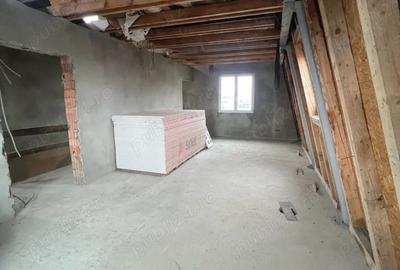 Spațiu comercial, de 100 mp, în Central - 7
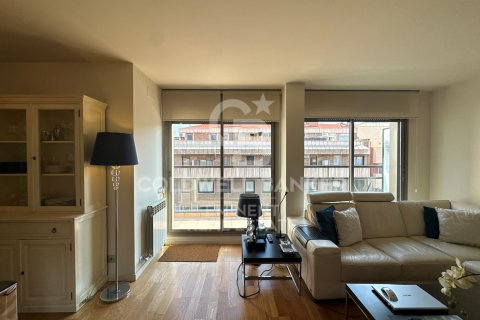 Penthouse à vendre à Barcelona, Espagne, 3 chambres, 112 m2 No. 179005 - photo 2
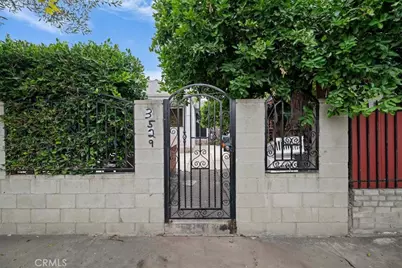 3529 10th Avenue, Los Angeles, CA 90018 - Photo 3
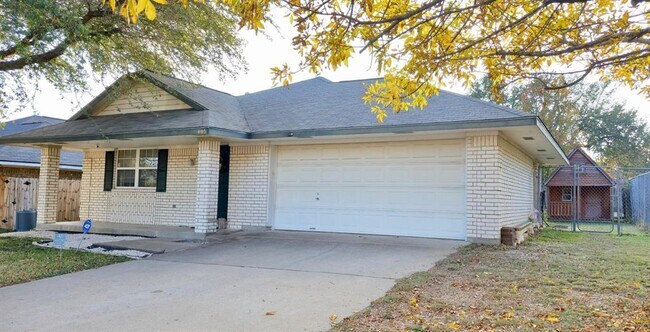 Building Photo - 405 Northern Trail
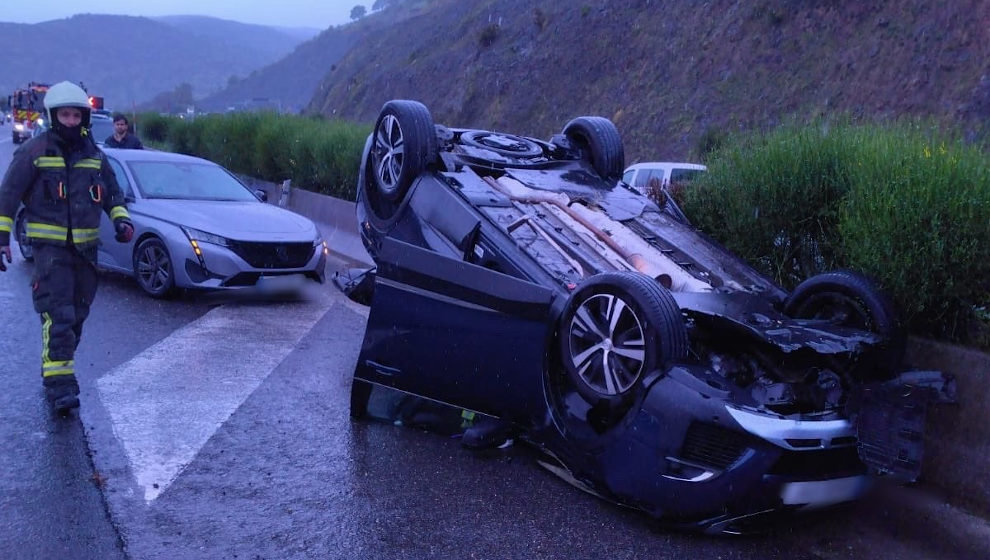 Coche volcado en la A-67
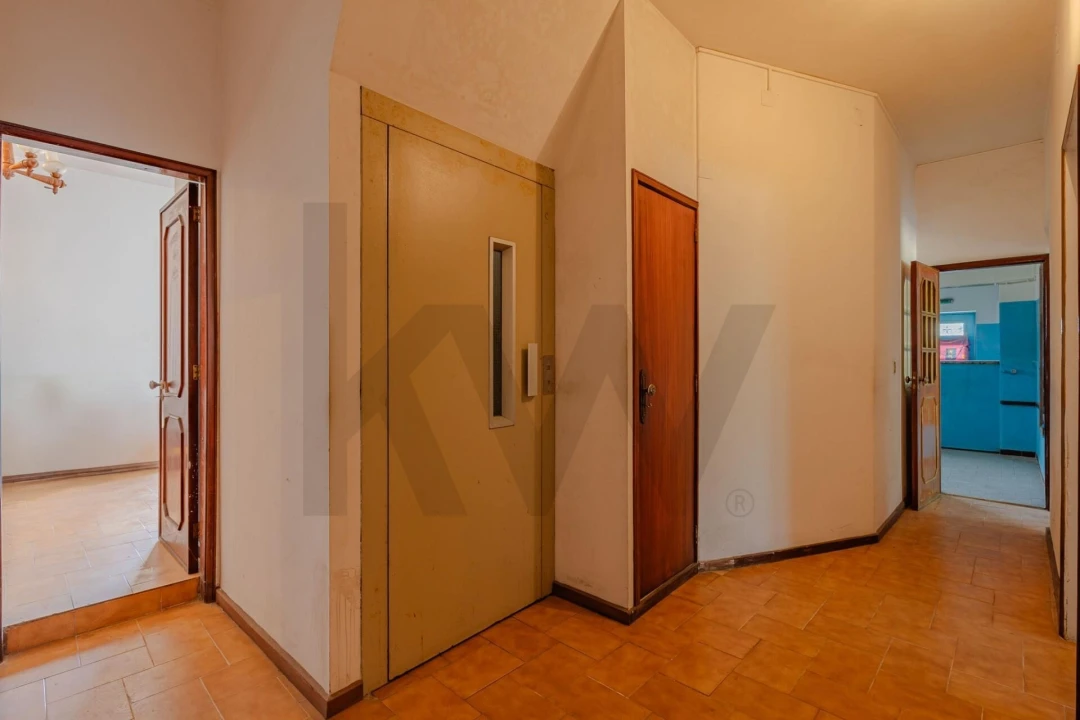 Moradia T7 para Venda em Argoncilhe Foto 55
* * *
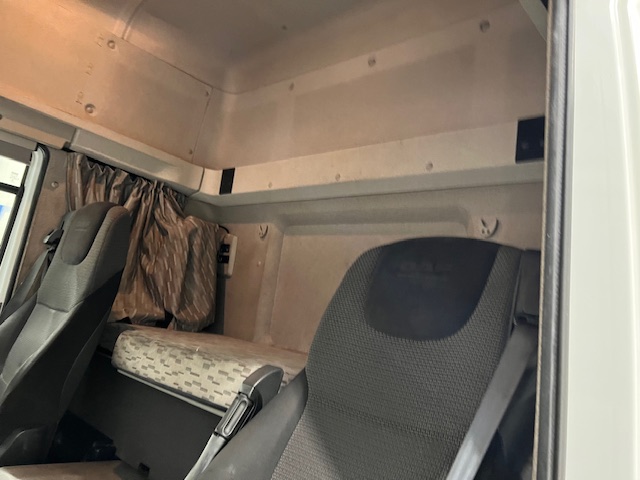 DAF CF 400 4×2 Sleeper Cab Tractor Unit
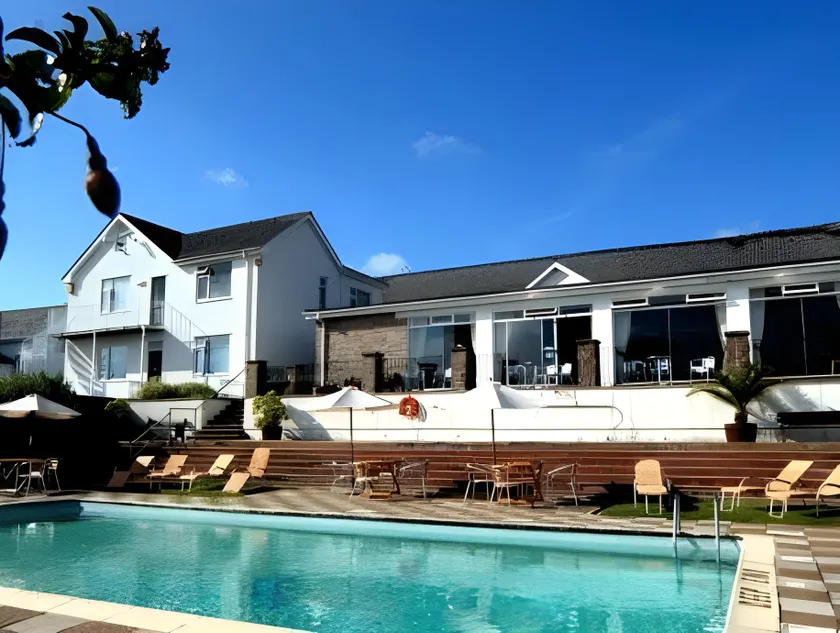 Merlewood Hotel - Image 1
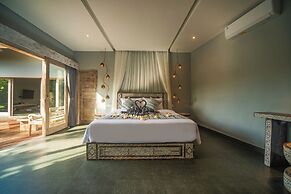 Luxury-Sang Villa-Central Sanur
* * *
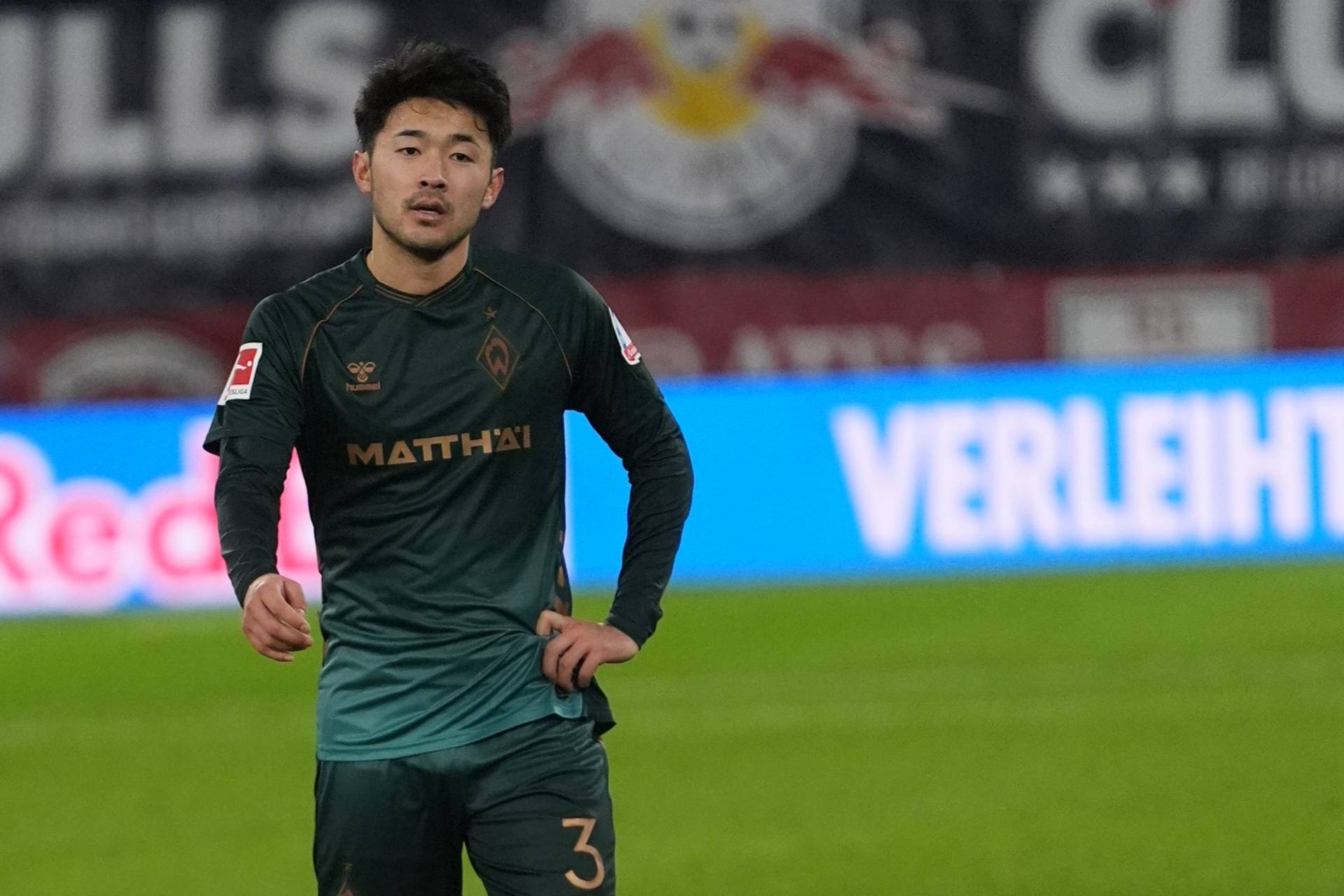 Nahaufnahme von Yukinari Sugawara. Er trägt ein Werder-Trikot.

** TASK OBJECTIVE **
Copy exactly the material above from the line with "Spațiu comercial, de 100 mp, în Central - 7" to the line with "Coche volcado en la A-67", ends included, and nothing else. Leave out any picture.

** SOLUTION TO THIS PROBLEM **
 Spațiu comercial, de 100 mp, în Central - 7
 Penthouse à vendre à Barcelona, Espagne, 3 chambres, 112 m2 No. 179005 - photo 2
 3529 10th Avenue, Los Angeles, CA 90018 - Photo 3
 Building Photo - 405 Northern Trail
 Coche volcado en la A-67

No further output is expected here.